Philip can also get you a prime vantage point at Windsor Castle from which to watch the spectacular Ceremony of the Garter, with all the members of the Royal Family.
Most underrated place
Stonor Park is a little gem of a house, one that’s absolutely charming but not well known. It’s owned by a Catholic family and has the most amazing chapel—which is a rare thing to find because the Catholic aristocrats who stuck around during the reign of Henry VIII rarely managed to keep their heads, let alone their houses. Philip can arrange for you to have a private lunch in their lovely dining room. The scenery is England at its best.
Some advice while you’re in Kent: Leeds Castle’s stunning facade attracts many visitors, but the grounds are overrated, and there are no great treasures inside. Instead, visit Hever Castle, an impressive display of Tudor architecture that was the childhood home of Anne Boleyn, the woman for whom Henry VIII gave up Catholicism (today, it’s full of wonderful paintings and early English furniture, almost a historical overload); and Chartwell, where Winston Churchill once lived (you can walk around the studio where the great statesman painted, and the Golden Rose Garden planted by the Churchill children in honor of their parents’ 50th anniversary).

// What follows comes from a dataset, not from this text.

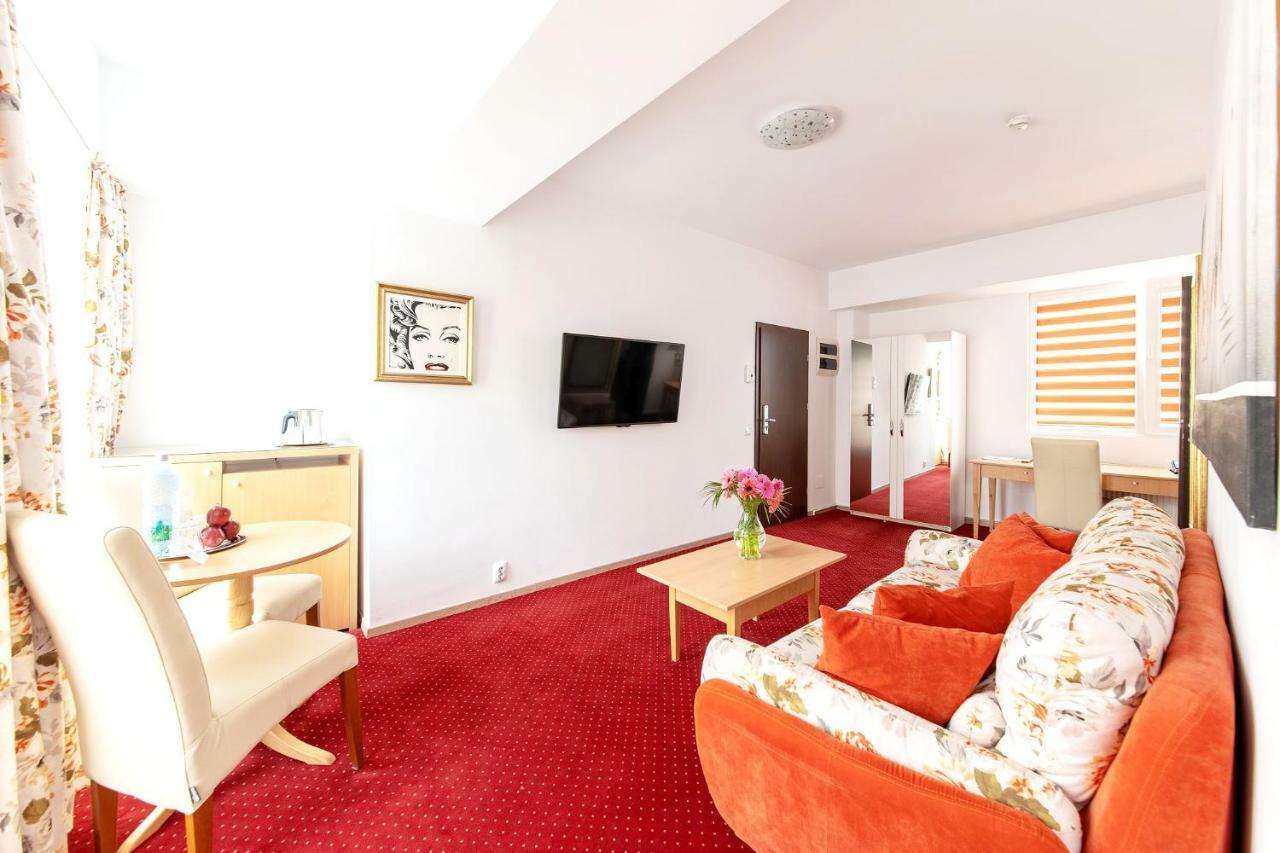 Bucur Accommodation Bucharest Luaran gambar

Spring is the best time to see the gardens in bloom.
The end of October until mid-March, when many castles and stately homes are closed. And, of course, the countryside can be dreary in January and February.

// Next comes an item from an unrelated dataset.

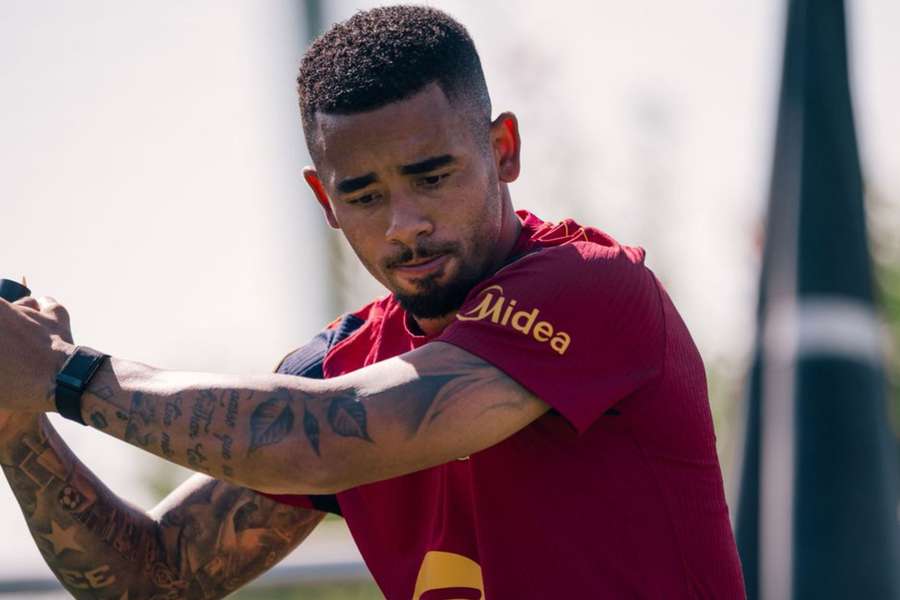 Gabriel Jesus em treino do Barcelona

Trying to squeeze too much into your trip. You can’t fit Salisbury, Stonehenge, and Stratford-upon-Avon all into a single day; better to slow down and choose the things you really want to see.

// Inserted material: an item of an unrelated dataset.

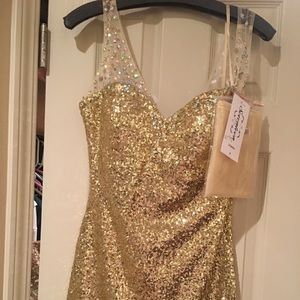 Seventeen Young gold sequin homecoming dress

Bodiam Castle (pictured) was the home of Lord Nathaniel Curzon, the Viceroy of India. The castle is now in ruins, but the view of what remains—a castle rising magically out of water—is just incredible.
Blenheim Palace, which was laid out by famed landscape architect Capability Brown, is widely considered to be the finest view in England.
In Yorkshire, you can get a spectacular view of Rievaulx Abbey, the ruins of one of the largest monasteries that was dissolved under Henry VIII, from the Rievaulx Terrace nearby.
The Palladian manor mentioned under “Bragging Rights” has two “follies” built in the 18th and 19th centuries; they look like miniature castles from afar but are actually just a façade. The views from there are magnificent, and Philip can organize for a lobster picnic to be brought out to you.
If you’re in London, head just an hour outside the city to explore both Chartwell and Hever in one day (see “Don’t Bother”). There is a wonderful pub nearby, which has been there since the 1300s, where you can have lunch by a roaring fire beforehand.
Bring sturdy walking shoes and casual clothing for exploring gardens, some of which are in the woods. If you’re dining in a manor house, you will be expected to come in formal attire: a jacket and tie for men, perhaps a silk dress and diamonds for ladies. Getting dressed up really adds to the occasion.
The shop at Highgrove is filled with all sorts of top-notch things to buy that you won’t find anywhere else, from jewelry to tea sets to suede gardening gloves—and all of the profits go to the Prince of Wales’s Charitable Foundation.